30 years of Alexander Julian
By Crystal Dempsey
Alexander Julian, the award-winning Chapel Hill-born designer, is best known for his colorful menswear, sports uniforms with a twist, furniture/home furnishings, and his latest venture, wine.
He's celebrating his 30th year as a fashion designer. Here's a look back at his career:
BORN INTO THE BUSINESS: He's the son of the late Maurice Julian, owner of Julian's menswear shop in Chapel Hill, N.C. Julian's was a haven for men who preferred prep-school style and fine tailoring.
At age 12, during a game of touch football, Julian tore the collar on a blue oxford button-down shirt. He took the shirt to be fixed at his dad's store. In what became a defining moment, Julian put a yellow collar on the blue shirt.
At 19, the prodigy with the preppy pedigree opened a boutique, Alexander's Ambition, across from his dad's store, and stocked it with his own more contemporary designs.
CHASING THE DREAM: In the mid-`70s, Julian moved to New York to pursue fashion design full time. His designs featured a bold use of color and playful twists on traditional fabrics (a trompe l'oeil tweed) and details such as buttons and stitching in bright hues.
In 1981, the Colours collection made him a household name. The clothes echoed his sense of fun but were priced for the masses. He briefly delved into women's wear.
He moved to Italy and designed his own fabrics (a first for a designer). "It was the most fertile period of my career," Julian told the Raleigh News & Observer. "I could dream of a fabric I wanted and they would spin it for me. It was the freest I could be."
UNIFORM DECISION: However, by the mid-`80s, Julian's company went bust because of bad management decisions.
But he didn't stay out of the spotlight for long. George Shinn, owner of Charlotte's new NBA team, asked him to design the uniforms for the Hornets.
The teal/purple and white uniforms featured pin stripes and pleated shorts, which was not quite what the rest of the NBA was wearing at the time. Shinn paid him with monthly shipments of barbecue.
Julian has since designed uniforms for the Tar Heels basketball team (twice), the Charlotte Knights (the seats at the baseball stadium echo the design), the Charlotte Checkers and racing drivers such as Mario and Michael Andretti.
THE LOW POINT: Julian got another investor in the late `80s and opened two retail stores and three outlets.
The key investor pulled out, and the stores closed after only a few years.
It was a low point for the Carolinas' best-known designer. "With the exception of the passing of my parents, this was the most horrible point in my life," he told the N&O.

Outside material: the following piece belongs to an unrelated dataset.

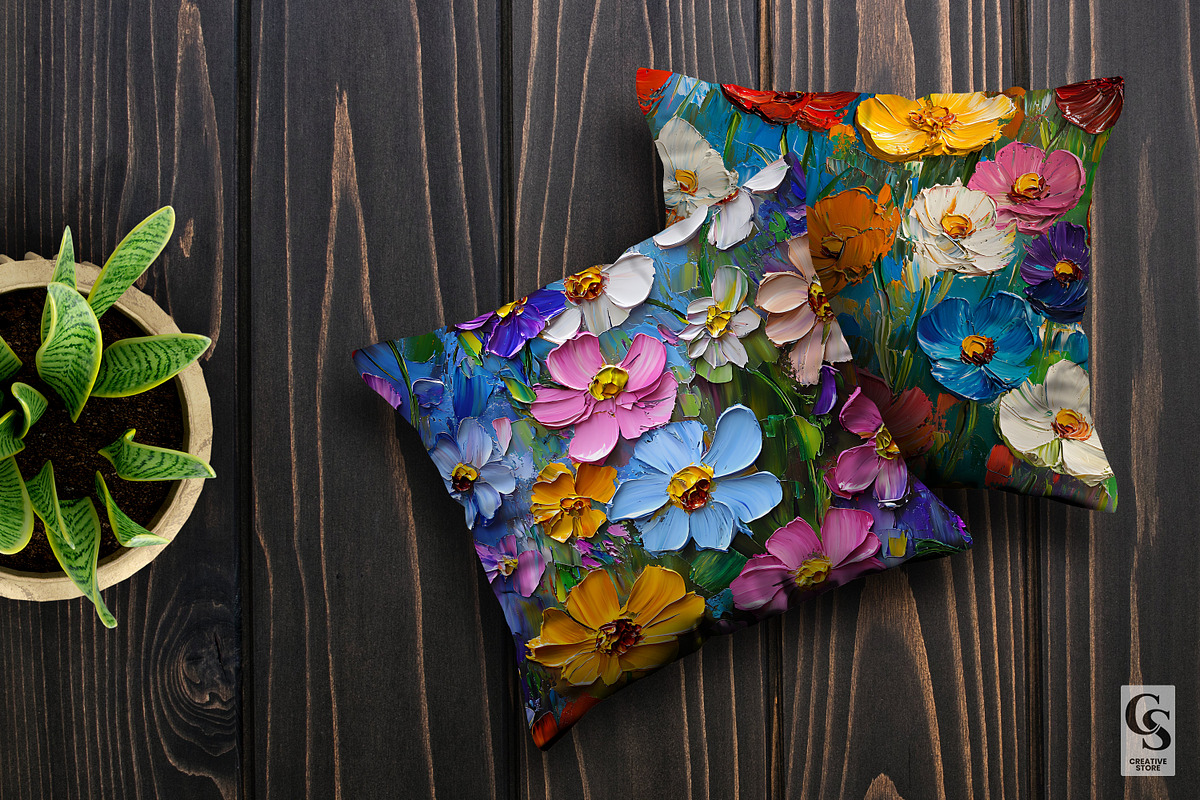 Colorful Impasto Paint Flower Papers, a Pattern Graphic by Creative Store (Photo 4 of 5)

BOUNCING BACK: In the mid-`90s, Julian designed a collection of furniture. It was a hit. He was back.
Next came bedding, wallpaper, lamps and more. "The only difference between designing home furnishings and fashions is that there are fewer sizes," he says. "You're dealing with the same kind of decision-making process for consumers."
In 2001, Julian, who loves wine almost as much as barbecue, developed an eponymous line of wine.

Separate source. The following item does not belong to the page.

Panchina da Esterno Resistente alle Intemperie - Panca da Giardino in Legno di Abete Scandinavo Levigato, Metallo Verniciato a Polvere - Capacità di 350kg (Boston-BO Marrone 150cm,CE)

Yet, Julian missed designing menswear.
Four years ago, he unveiled the Private Reserve collection, which features Julian's design sensibilities and his wine line.
Julian's next project? Heeding the success of Colours, he wants to produce a lower-price version of the Private Reserve clothing for a younger audience.
REFLECTIONS: This year, a Connecticut museum and a New York gallery featured "Uncommon Threads," a retrospective of Julian's career.
When Julian, 58, first walked through it, he said the effect shook him.
"I remember the process of every damn yarn, every thread, all the seasonal showing, the press showings, the celebrities who wore them," he says. "They were all there, all speaking to me at once."
He says he left the room and opened a bottle of wine.
LESSONS LEARNED: Julian, who is a charmer and great storyteller, is never at a loss for words. When asked what he's learned, his answer was in three parts:
ABOUT HIMSELF: "I learned to stick with it. And to be happy with my space and my place. I have a particular handwriting that works in a lot of different places and a lot of different mediums. And I've learned not to be afraid of any challenge."
ABOUT THE PUBLIC: "(They have) been underrated in their level of sophistication and taste. They have greater appreciation of things when they are good."
ABOUT THE INDUSTRY: "The old axiom is lead a horse to water, but you've got to hold his head under. Change is a hard thing to effect when it involves unknowns that can't be proven in advance."